Le 12/04/2022 à 18:32, Junio C Hamano a écrit :
Ævar Arnfjörð Bjarmason <avarab@xxxxxxxxx> writes:
--- a/wt-status.c
+++ b/wt-status.c
@@ -248,7 +248,7 @@ static void wt_longstatus_print_other_header(struct wt_status *s,
const char *how)
{
const char *c = color(WT_STATUS_HEADER, s);
- status_printf_ln(s, c, "%s:", what);
+ status_printf_ln(s, c, "%s", what);
I.e. this one is better handled by
status_printf_ln(s, c, _("%s:"), what);
as _(...) in C-locale is original-language centric, where we want
the label to be <phrase> immediately followed by a colon. And that
allows French translation to have nbsp before the colon.
In this case I think the change as suggested is better, translators get
zero context from "%s:", whereas "Untracked files:" being status output
is immediately obvious.
It is unclear if you read the original (and discussion so far).
I understand that Julien wants to turn "%s:" to have nonbreaking
whitespace before the colon. It does not matter what label we are
using (it can be "Ignored files"). I took it that the patch is
addressing "git status" output but the general thrust is in Julien's
translation, all "label-string followed by colon" should become "the
string followed by nonbreaking whitespace followed by colon".
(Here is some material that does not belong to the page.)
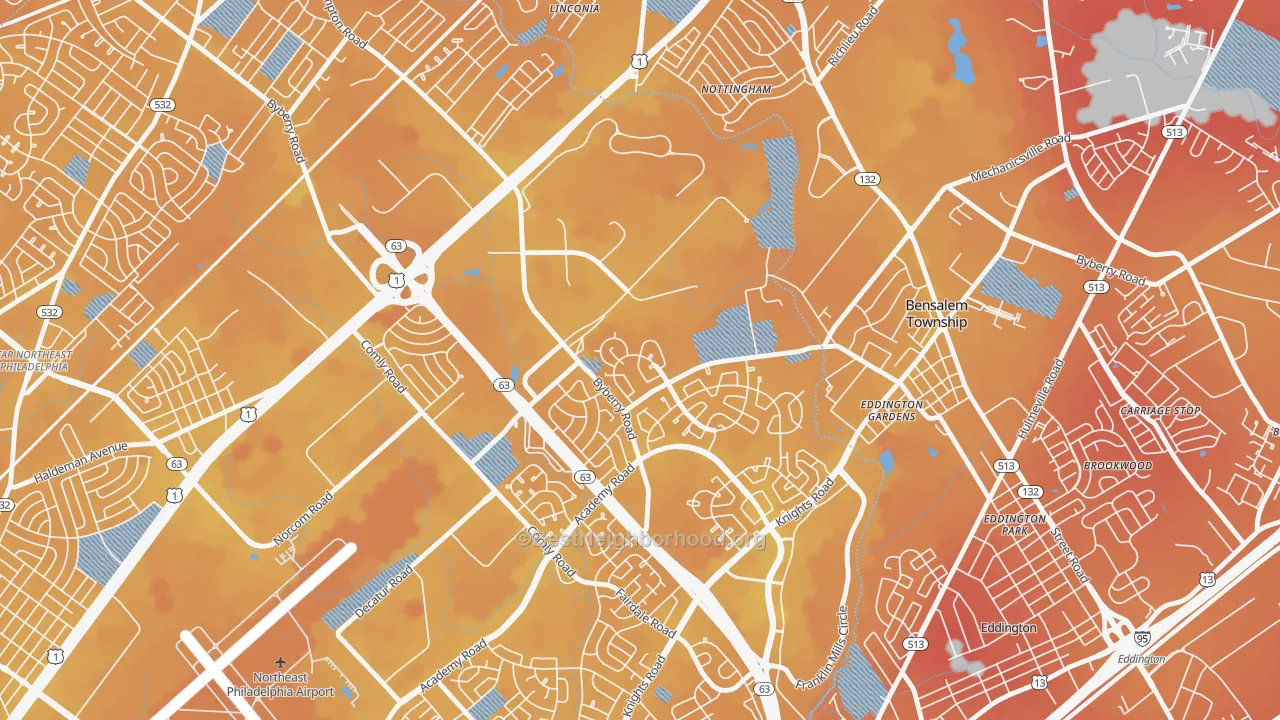 Transit Grade map of Byberry, Philadelphia, PA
Moving the colon to the label string is backwards, isn't it? If the
presentation form accepted in the C-locale, i.e. "%s:", needs to be
localized in Julien's translation to "%s :", shouldn't the "%s:"
that defines the presentation be what is marked for translation?
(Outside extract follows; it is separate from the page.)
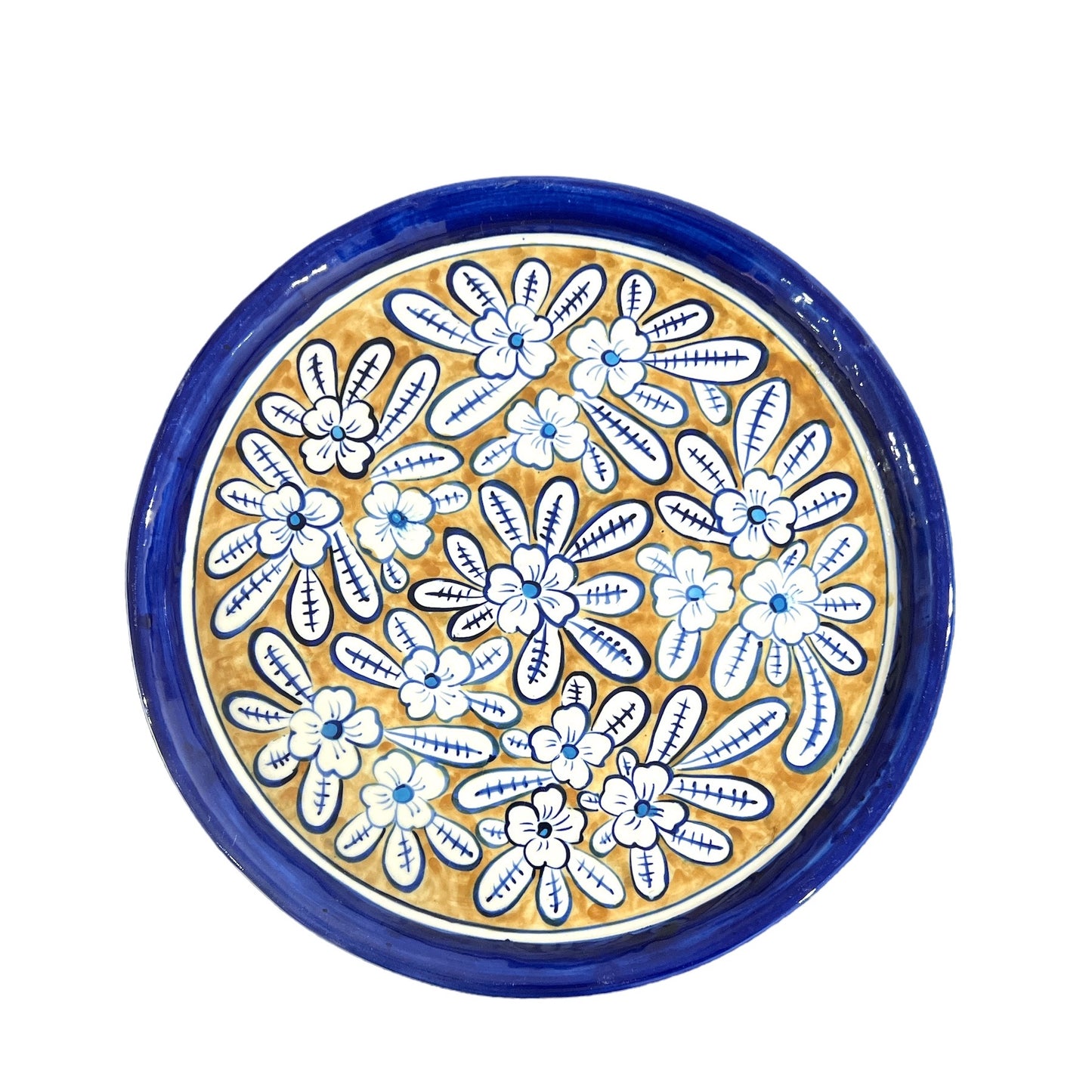 Blue Pottery Platter Hand Made Platter - Beige Flower Design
His commit message also doesn't mention it, but for existing "headings"
we already do this, e.g.:
status_printf_ln(s, c, _("Changes to be committed:"));
status_printf_ln(s, c, _("Changes not staged for commit:"));
That's another arugment to translate _("%s:") once for the language,
I would think.
Just to chime in, I would tend to approve Julien's proposal, but with a
reworded commit message, which should convey that the segment to
translate is not a full sentence.
The main argument is that for translators to correctly work, the strings
to translate must hold complete sentences, comprising the end colon. I
guess that in the present case, we are quite lucky that these strings
appear so often that translators know how to handle them.
Why use a /* TRANSLATORS:*/ stance when simply providing the full
sentence would not require any additional hint and uniformize it to the
general way of presenting strings to translators. This is an indication
that the string is not a complete semantic entity, although we can
provide it (e.g. just like for the other ones, lines 284-305).
Also making a string as generic as "%s:" translatable can lead to
translation errors because this has the structure of sentence lego where
we can be sure that the %s is another translated string.